Ces anciens voyageurs, malgré leur science et leur probable bonne volonté, n’ont donc vu que l’extérieur des choses : ils n’ont pas découvert que l’univers africain dit traditionnel, représente, réalisé par des têtes et des cœurs d’hommes, dans l’optique particulière où ils ont vécu, un effort d’intelligence du monde et du surmonde…

Les divers peuples africains sont restés assez longtemps isolés les uns des autres ; quoique prenant conscience du même fond religieux, chacun a exprimé et vécu à sa manière sa relation avec le monde d’en haut. Les peuples pasteurs voient leur symbole de la vie dans les bovidés et leur expression religieuse en sera imprégnée. Les cultivateurs feront de même avec la terre nourricière, donneuse d’une vie toujours renaissante. Les pêcheurs et les peuples dont la vie est menacée par la sécheresse voient l’eau comme source de vie et s’en serviront dans leurs rites religieux. Mais, sous cette apparente diversité, on relève chez tous ces peuples une idée de base : la recherche de la vie et d’une vitalité accrue. L’Être Suprême sera donc perçu comme la source de la vie, le Grand Vivant. L’objectif central du rapport avec Dieu sera d’en recevoir et d’épanouir en soi cette vie, bien que cette option commune soit exprimée dans des expressions symboliques différentes.
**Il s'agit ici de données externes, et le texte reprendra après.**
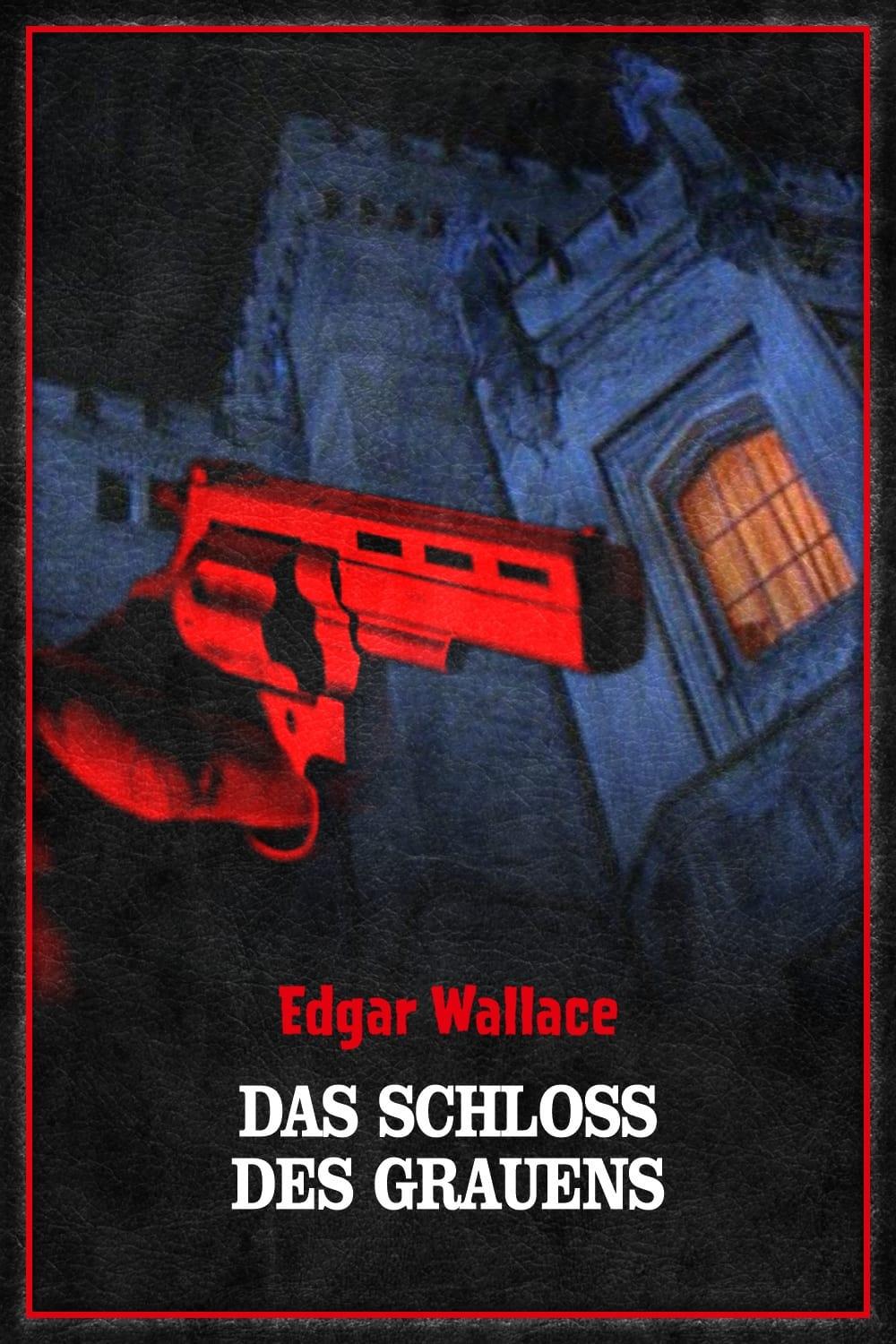 Edgar Wallace - Das Schloss des Grauens poster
Dieu étant perçu comme un être unique, ils disent : ‘Il doit être seul ; s’ils étaient plusieurs, ils ne seraient pas tout-puissants puisqu’ils se combattraient les uns les autres’. L’unique Tout-Puissant est perçu et nommé comme Celui dont la Parole fait exister, le Plus grand des Grands, le Maître du ciel, Celui qui luit, le Soleil que l’on ne peut fixer, l’Éternel, source de tout être, l’Inexplicable, Celui que l’on ne peut piéger, Celui qui sait tout, Celui qui fait tout, Celui qui crée sans avoir besoin de personne, Celui devant qui les hommes se prosternent sans tomber… Ces noms – et il en a pas mal d’autres – tâchent de traduire ce qu’ils découvrent de Dieu, par leur réflexion et leurs sentiments, mais aussi et surtout par ce qu’ils constatent de l’action qu’ils attribuent à l’Être Suprême.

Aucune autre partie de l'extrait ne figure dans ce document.